冠状病毒的临床性反思1
冠状病毒的临床性反思
译者:吴张彰
简介:
四川大学精神分析专业硕士 巴黎第八大学精神分析专业硕士
成都精神分析中心成员 EPS(精神分析行知学派)成员、编译组成员
联系方式:1305793352@qq.com

一、冠状病毒,对抗自恋和迷恋
· 咱要口罩,咱要检测!!
Photo : GAR, 2020
冠状病毒,对抗自恋和迷恋
这次大流行病将我们带到了不同于内-侵略性的、自恋性的想像关系轴线的另一条一条轴线上。如同一切物理上宏观的灾难一样,新冠肺炎向我们展示出,最关键的东西,既不是高度消费,也不是金钱的力量,更不是什么简单的权力,而是要切实回到人类的价值上来。在这方面,冠状病毒是个彻头彻尾的保守派。但是,保守着什么呢?保守着生命,以及文明最基本的一些价值。
在这个超视的时代,与他者的关系中占主导的是视觉、是全方位的自拍、是创造仿像、是浮现、是所属感、甚至是属于本身或者认同,而非最初的身份感,冠状病毒逼迫我们戴上口罩。这种神圣而糟糕的去除面孔的玩意,把我们限制在外壳面具或者FFP2的形象背后,限制在住宅的围墙背后,甚至说,在外面,它把我们限制在所谓的“壁垒”姿态的隐私之墙背后。我们到处创造这种隐私之墙,没有人有心思提出反对。我们甚至一再要求这些,而不久之前,我还心满意足地想象着一个没有国界的世界、一片共同的广袤土地、一片广阔的玩耍土地,其中满是各种世界性的享乐。
现在,相反的效果成为了可能,因为,我们这个时代的轻于鸿毛的自恋人,太好地适应了一个相反的世界,透过各种归属现象,错误地享乐着,这种人由于最高权威明确限制了他们的活动,从而终结了。这涉及到一种权威,这种权威既不是政治的、也不是行政的、甚至也不是卫生部门的,而是一种从一种无可协商的最高禁令中衍生而出的权威。这种禁令最终来自于一种群体性的、盲目性的死亡威胁。只有一次机会,我们要么禁闭,要么死。而这一点,根本不在于什么意识形态、宗教、迷信信仰的意志。它强于一切,它是一种物理宏观上的阉割威胁。
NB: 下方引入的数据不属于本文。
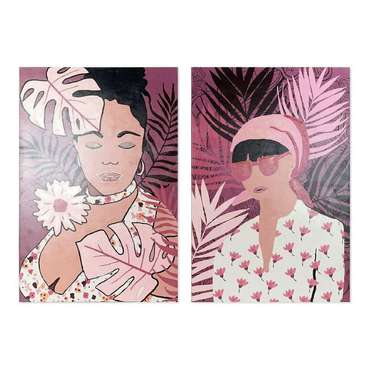 Картина African Колониальный 80 x 3 x 120 cm Африканка (2 штук)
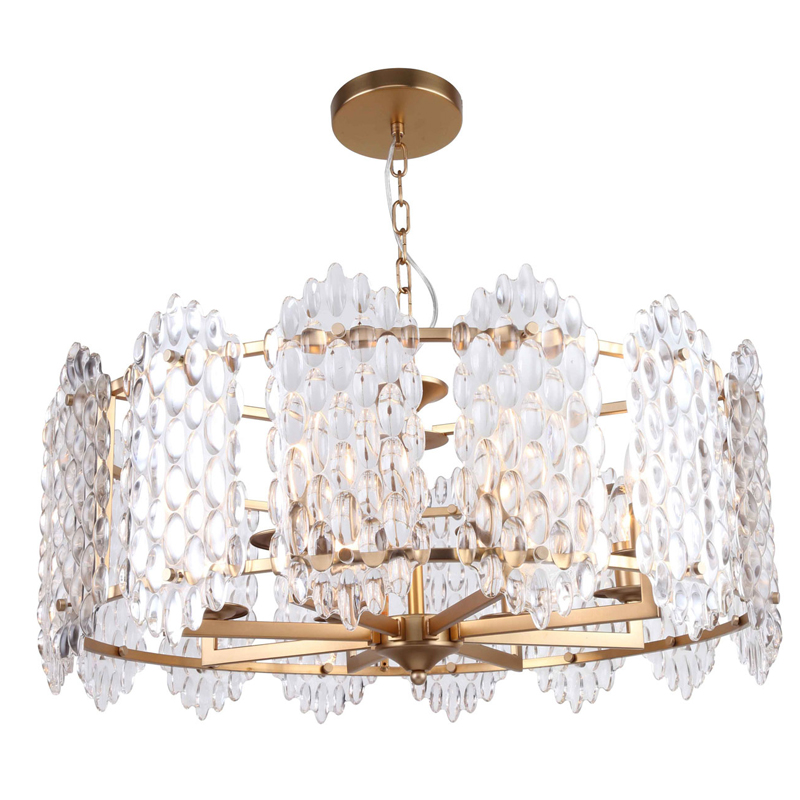 Люстра подвесная Textured Glass Chandelier D71 Глянцевое золото Прозрачное Стекло Люстра подвесная Textured Glass Chandelier D71 Глянцевое золото Прозрачное Стекло в Орле | Loft Concept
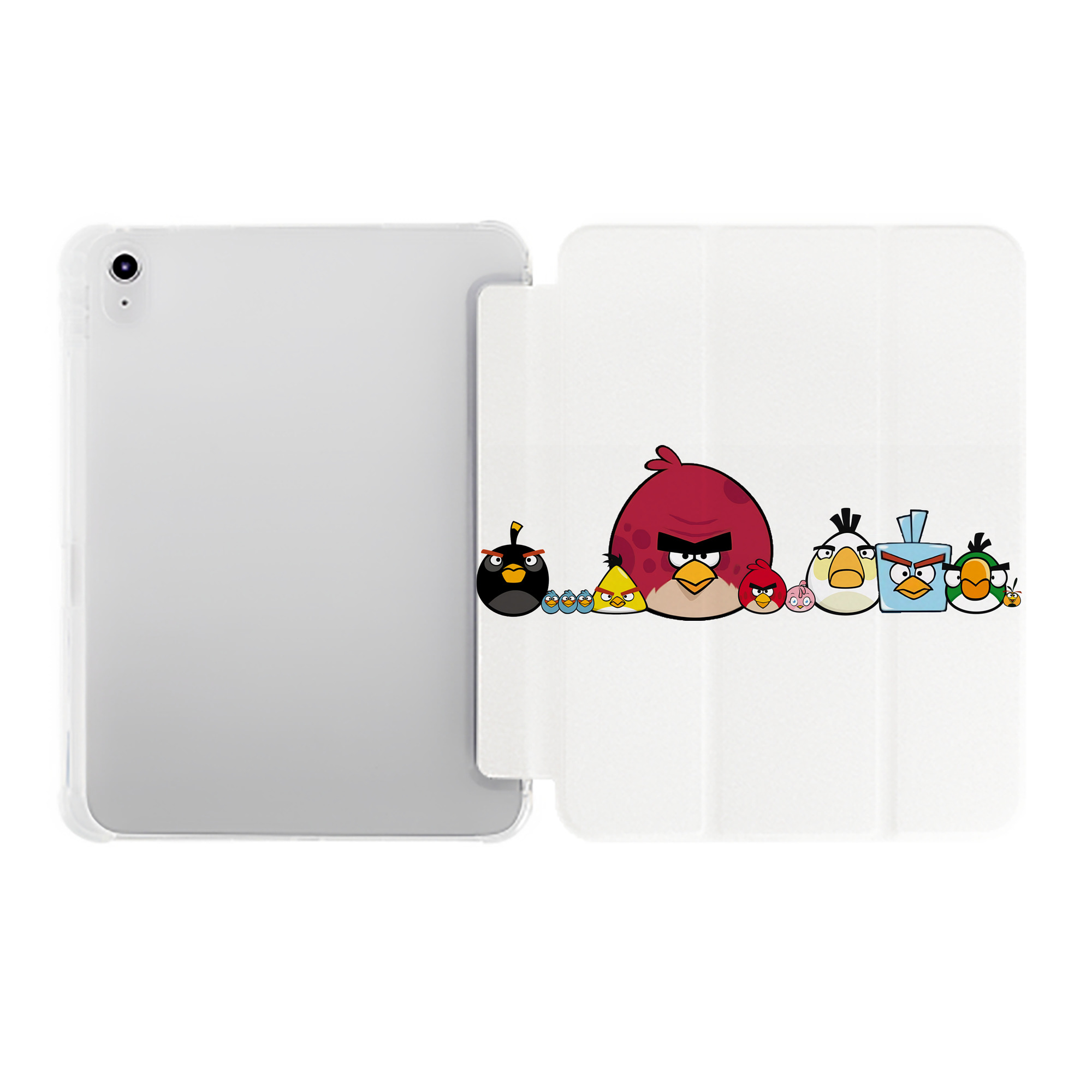 （画像用） Angry Birds アングリーバード IPad ケース ペン収納付き 三つ折りスタンド PUレザー×シリコン 対応機種9.5/10.5/10.9インチ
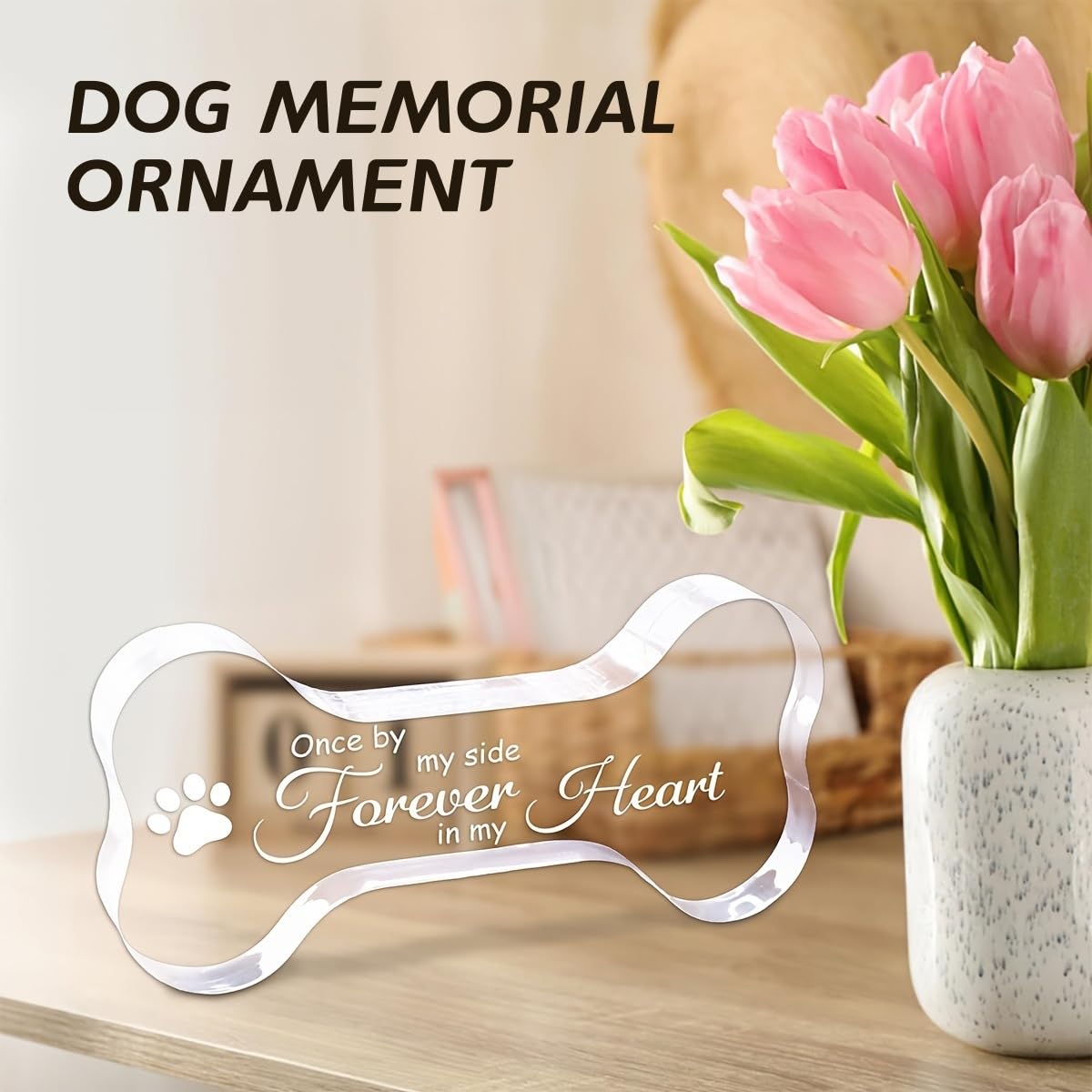 Cynlsum Pet Memorial Ornament Remembrance Gifts Loss of Dog Cat Sympathy Gift Crystal Bone Shape Decor Ornament for Dogs Puppy Keepsake Cynlsum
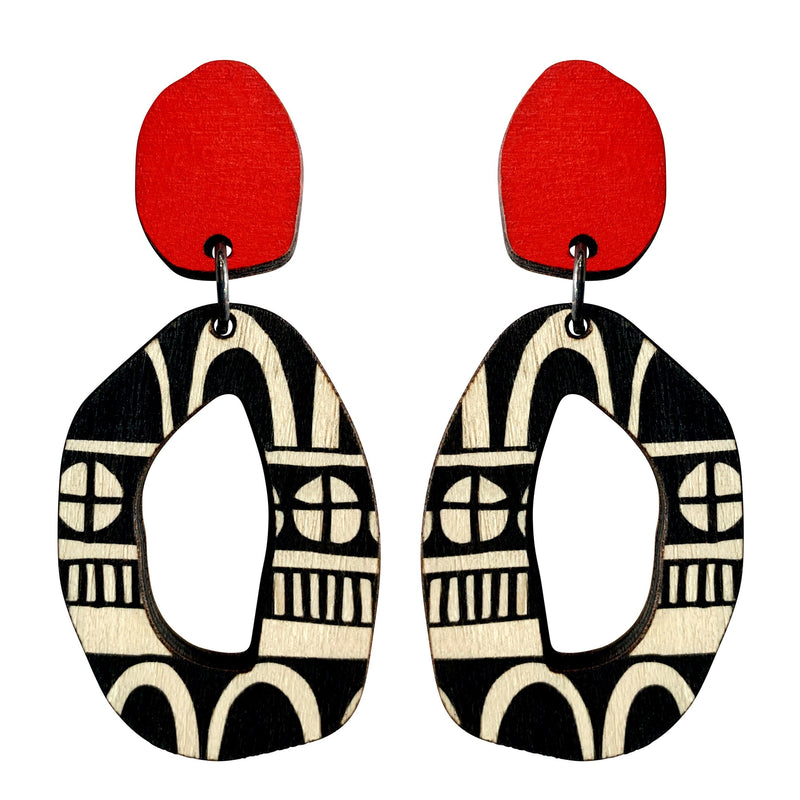 Scoops | Wooden Red Doodle Earrings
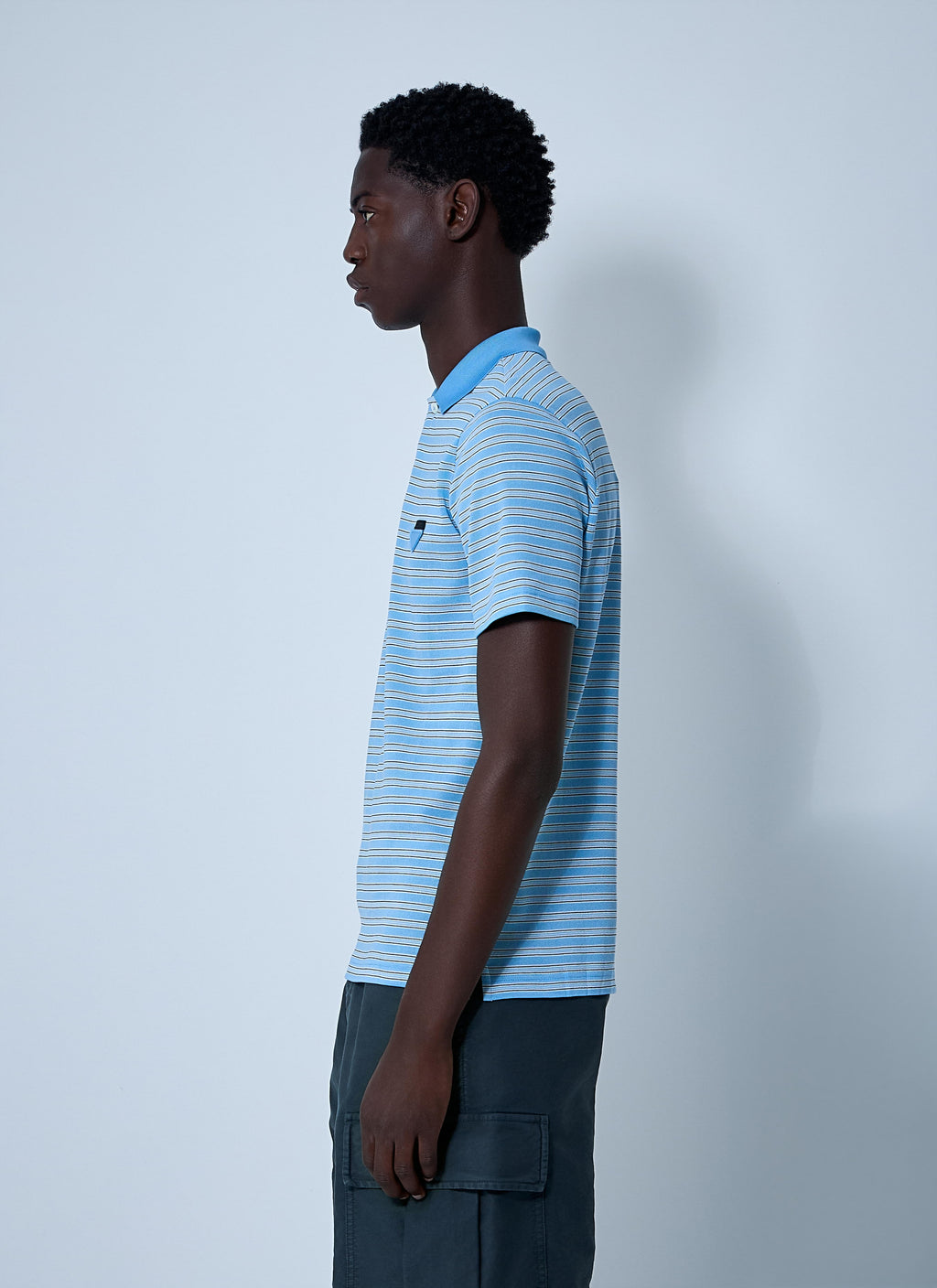 Prada Men's Logo Motif Polo Shirt Short sleeve golf blue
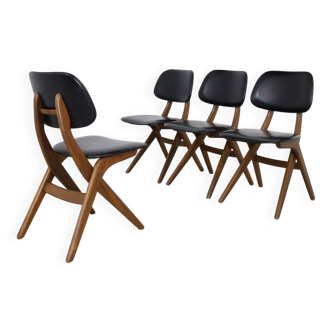 Scissor Dining Chair by Louis van Teeffelen for Wébé, set of 4, 1960s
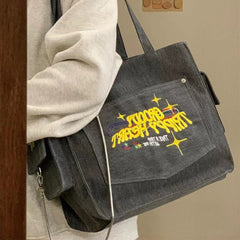 Vintage Washed Large Canvas Crossbody Bag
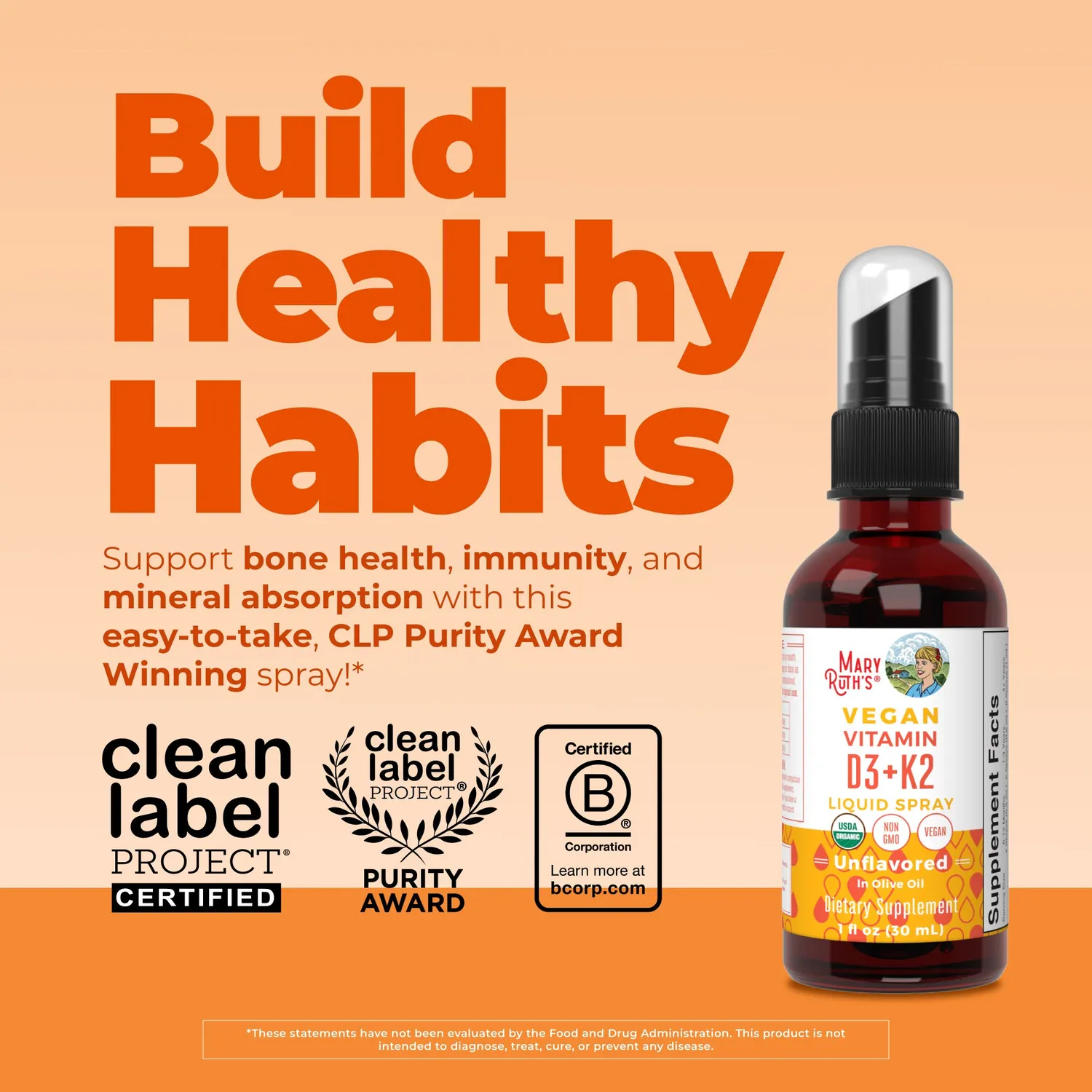 MaryRuth's Organic D3 + K2 spray usmaket 30 doser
这样一种种出自死亡之大他者的权威,在世间的众多法律之上带来了一个“法”。它通过直接与实在,而非人们习以为常的那样与想象或符号,相遇而创造了这种“法”。它通过一种对享乐的挫折和剥夺的必要性假设,从而创造了这种“法”,但是带来的好处是,一种对家庭生活、夫妻生活、隐私生活的关键价值的回归。它创造了这种“法”,同时也逼迫我们回归与文明相连的这些基本价值。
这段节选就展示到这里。